Still Taking Casualties
"Still Taking Casualties" Puts a Face on Veteran Suicides.
Combat Vet Mark CombsCombat veteran Mark Combs puts a face on veteran suicide statistics by interviewing West Virginia vets who have attempted to kill themselves. He talks about their deployments, their experiences attempting to reintegrate, their attempts to get help, and what could be done to make things better for veterans.
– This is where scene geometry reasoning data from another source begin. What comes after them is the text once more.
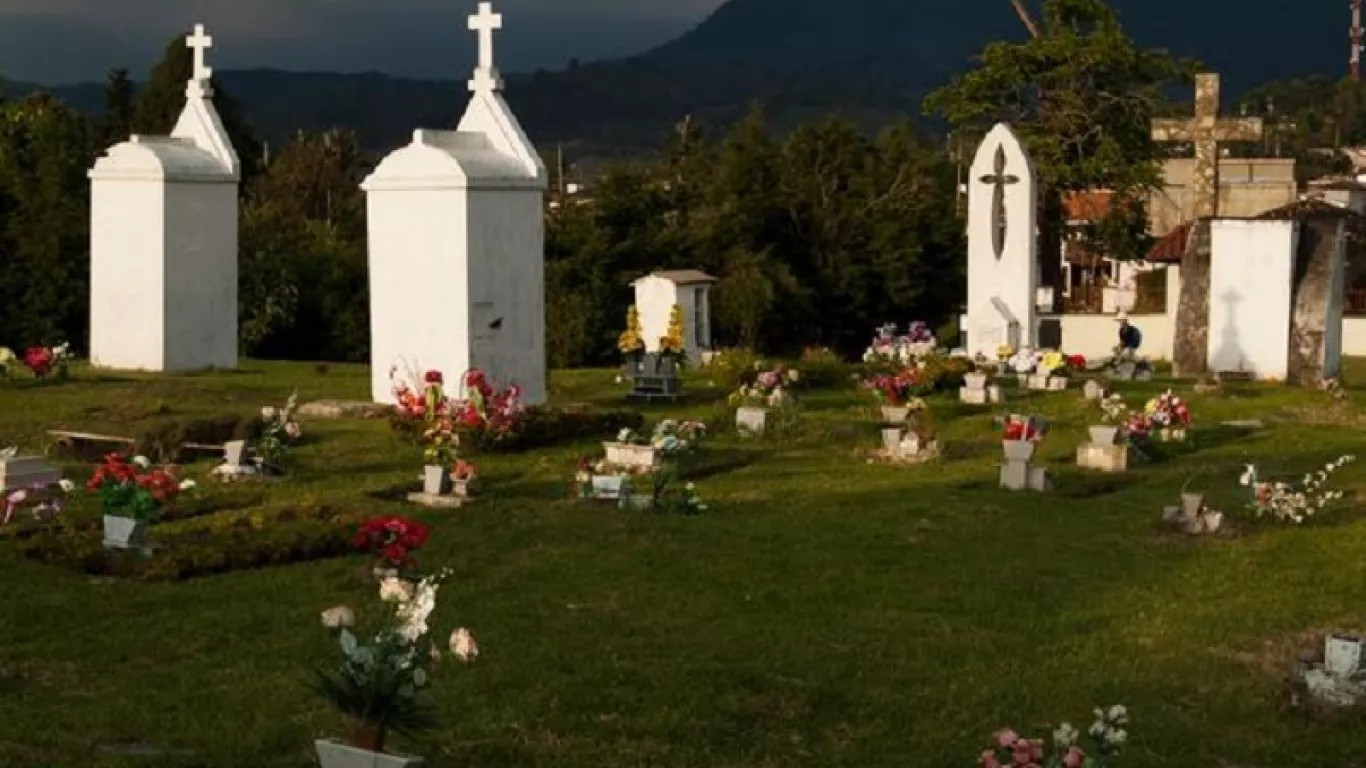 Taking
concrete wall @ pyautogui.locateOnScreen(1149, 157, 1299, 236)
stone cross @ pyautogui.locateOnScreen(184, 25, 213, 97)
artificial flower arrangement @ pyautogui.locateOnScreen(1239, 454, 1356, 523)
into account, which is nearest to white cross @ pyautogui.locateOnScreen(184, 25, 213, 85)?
stone cross @ pyautogui.locateOnScreen(184, 25, 213, 97)

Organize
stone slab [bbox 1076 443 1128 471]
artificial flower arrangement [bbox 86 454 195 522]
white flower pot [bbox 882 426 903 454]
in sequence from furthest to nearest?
white flower pot [bbox 882 426 903 454] → stone slab [bbox 1076 443 1128 471] → artificial flower arrangement [bbox 86 454 195 522]

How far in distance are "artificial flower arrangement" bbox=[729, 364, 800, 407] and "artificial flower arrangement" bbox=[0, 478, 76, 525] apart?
7965 millimetres

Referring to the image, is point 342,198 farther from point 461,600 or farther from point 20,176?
point 461,600

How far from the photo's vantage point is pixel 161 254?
23.0 meters

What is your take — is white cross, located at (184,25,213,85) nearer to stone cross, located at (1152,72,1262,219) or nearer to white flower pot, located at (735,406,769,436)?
white flower pot, located at (735,406,769,436)

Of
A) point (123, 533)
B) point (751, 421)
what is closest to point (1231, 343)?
point (751, 421)

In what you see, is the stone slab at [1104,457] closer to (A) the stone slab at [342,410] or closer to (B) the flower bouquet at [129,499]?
(A) the stone slab at [342,410]

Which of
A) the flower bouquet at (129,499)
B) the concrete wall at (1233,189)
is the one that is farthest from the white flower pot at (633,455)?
the concrete wall at (1233,189)

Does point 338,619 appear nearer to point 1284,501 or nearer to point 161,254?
point 1284,501

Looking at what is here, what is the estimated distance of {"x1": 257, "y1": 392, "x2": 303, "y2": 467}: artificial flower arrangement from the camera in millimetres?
15586

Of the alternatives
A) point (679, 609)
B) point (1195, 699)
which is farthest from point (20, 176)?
point (1195, 699)

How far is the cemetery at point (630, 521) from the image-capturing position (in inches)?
325

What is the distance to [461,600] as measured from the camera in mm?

Twenty-two vets a day die from suicide. That number is an estimate based on only half the states reporting suicide statistics to the Veterans' Administration from 1999 to 2010. The Washington Post conducted an extensive, nationwide poll of Iraq and Afghanistan veterans in the spring of 2014. Half of the vets who served said they know a fellow service member who has attempted or committed suicide. The New York Times ran articles on veteran suicide in September and December of 2015. They found that the suicide rate is actually increasing, and the Department of Defense and Veterans Affairs were at a loss to explain why.
But statistics are only a number, and Combs thought what was needed was a show where vets talk about suicide, not another study. Combs wanted to put a face on these statistics. He asked his West Virginia vet friends who had tried to kill themselves if they would be willing to talk about it for TV cameras. They said yes. "Still Taking Casualities" became that show.